Ernesto Calluori
Dopo molte infatuazioni sulla globalizzazione che sembrava segnare un altro passo avanti in quella specie di progresso che tanti sognavano ne veniamo scoprendo ahimè delle ambiguità. Innanzitutto, è crollata nuovamente l’illusione di una forte dipendenza economica fra le nazioni da costituire la base sicura di un mercato competitivo.

Oggi, la globalizzazione è qualcosa che va oltre lo scambio di merci e beni, perché coinvolge spostamenti massicci di individui e, soprattutto, grazie alle tecnologie informatiche ha creato quello che viene definito il “villaggio globale” dove tutti sono in grado di avere informazioni su tutto. Di conseguenza tutti possiamo essere manipolati da tutti.
In un mare di notizie, sappiamo bene che ce ne sono molte di false e ingannatrici. Alla fine, spinti come siamo a dubitarne di tutti, non passeranno soltanto le “fake-news” ma anche quelle “giuste”. Infatti, la scelta di accettare quelli meritevoli si risolve in una specie di atto di fede. Nel nostro mondo nascondersi è diventato difficile se non impossibile. E allora cosa significa globalizzazione? Per come stanno le cose, sull’altro versante, intere economie tra cui quella cinese sono più nazionali che globali.

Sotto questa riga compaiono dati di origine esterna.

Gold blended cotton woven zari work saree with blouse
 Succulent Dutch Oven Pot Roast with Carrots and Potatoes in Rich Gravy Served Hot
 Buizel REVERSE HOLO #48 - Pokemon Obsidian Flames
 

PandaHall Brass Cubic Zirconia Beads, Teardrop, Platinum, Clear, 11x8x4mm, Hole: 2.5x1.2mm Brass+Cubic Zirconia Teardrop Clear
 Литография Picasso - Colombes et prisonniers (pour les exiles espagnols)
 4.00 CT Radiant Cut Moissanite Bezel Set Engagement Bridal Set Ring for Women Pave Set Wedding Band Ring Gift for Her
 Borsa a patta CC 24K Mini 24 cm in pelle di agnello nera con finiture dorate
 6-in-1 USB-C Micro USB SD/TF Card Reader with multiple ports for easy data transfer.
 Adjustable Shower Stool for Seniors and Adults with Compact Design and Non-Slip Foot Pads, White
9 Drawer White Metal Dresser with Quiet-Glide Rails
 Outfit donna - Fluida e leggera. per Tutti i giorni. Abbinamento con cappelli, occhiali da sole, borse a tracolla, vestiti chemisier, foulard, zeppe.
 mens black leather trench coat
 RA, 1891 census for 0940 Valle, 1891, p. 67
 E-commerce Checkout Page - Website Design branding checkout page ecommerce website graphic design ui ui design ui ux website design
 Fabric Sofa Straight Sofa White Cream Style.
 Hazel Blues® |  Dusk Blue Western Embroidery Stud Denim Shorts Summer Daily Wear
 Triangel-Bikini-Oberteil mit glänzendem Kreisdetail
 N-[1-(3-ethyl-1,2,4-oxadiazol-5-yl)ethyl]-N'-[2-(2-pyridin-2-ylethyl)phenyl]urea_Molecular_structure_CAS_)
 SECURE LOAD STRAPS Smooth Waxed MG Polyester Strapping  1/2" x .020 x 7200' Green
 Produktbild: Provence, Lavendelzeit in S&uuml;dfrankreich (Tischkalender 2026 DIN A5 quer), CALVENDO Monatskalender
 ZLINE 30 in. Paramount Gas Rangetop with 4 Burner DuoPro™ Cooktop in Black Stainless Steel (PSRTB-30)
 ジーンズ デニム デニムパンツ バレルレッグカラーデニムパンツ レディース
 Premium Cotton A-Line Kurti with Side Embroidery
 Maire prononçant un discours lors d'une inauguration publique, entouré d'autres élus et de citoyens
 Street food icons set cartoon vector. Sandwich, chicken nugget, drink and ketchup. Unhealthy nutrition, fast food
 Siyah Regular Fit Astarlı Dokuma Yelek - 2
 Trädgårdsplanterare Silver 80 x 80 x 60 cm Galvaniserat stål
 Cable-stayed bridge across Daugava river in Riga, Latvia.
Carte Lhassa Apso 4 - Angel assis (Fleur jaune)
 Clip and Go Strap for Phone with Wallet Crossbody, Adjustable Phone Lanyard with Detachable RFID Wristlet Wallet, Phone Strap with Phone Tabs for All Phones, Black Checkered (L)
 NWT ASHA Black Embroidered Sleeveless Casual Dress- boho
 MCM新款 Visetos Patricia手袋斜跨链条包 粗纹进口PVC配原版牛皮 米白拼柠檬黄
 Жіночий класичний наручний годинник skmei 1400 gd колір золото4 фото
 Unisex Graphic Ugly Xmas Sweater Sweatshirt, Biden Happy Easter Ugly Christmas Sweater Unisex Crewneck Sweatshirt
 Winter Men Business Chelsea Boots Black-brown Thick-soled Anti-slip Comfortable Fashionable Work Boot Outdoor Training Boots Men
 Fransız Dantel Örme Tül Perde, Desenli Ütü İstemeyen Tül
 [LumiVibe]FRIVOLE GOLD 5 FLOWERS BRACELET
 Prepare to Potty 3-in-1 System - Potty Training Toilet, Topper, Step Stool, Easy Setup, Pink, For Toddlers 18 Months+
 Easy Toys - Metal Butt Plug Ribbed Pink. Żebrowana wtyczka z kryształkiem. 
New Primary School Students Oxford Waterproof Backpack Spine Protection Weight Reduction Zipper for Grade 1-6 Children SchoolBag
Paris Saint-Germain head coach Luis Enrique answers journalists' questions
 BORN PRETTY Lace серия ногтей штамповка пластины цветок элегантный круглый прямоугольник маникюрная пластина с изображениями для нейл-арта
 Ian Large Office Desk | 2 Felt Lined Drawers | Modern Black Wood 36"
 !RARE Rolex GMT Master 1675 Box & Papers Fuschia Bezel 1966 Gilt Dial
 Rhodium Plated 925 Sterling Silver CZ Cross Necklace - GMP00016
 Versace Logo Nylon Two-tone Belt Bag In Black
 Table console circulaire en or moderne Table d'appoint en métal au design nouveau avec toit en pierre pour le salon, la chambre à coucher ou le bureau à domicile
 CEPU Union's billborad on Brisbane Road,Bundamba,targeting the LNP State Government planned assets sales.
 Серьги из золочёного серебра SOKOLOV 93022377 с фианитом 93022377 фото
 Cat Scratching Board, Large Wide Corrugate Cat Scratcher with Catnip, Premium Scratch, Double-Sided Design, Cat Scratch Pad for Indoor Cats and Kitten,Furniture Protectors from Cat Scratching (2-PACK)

Si stanno formando regioni economiche che mirano a creare mercati comuni o aree di libero scambio. All’interno di vari Paesi, importanti attività sembrano sottrarsi completamente alla competizione globale. La domanda viene spontanea : perché mai la globalizzazione si è imposta? Le risposte ovvie sono le migliori come non è tutto chiaro se la fine della guerra fredda sia causa o effetto di questo fenomeno. Insomma, si fa presto a parlare del fenomeno, sia presentandolo come il ritorno al paradiso perduto, sia come la riproposizione di un grande inganno. Converrebbe a tutti che se in questo “villaggio globale” dobbiamo viverci sarà molto meglio organizzarci a vivere in maniera adeguata.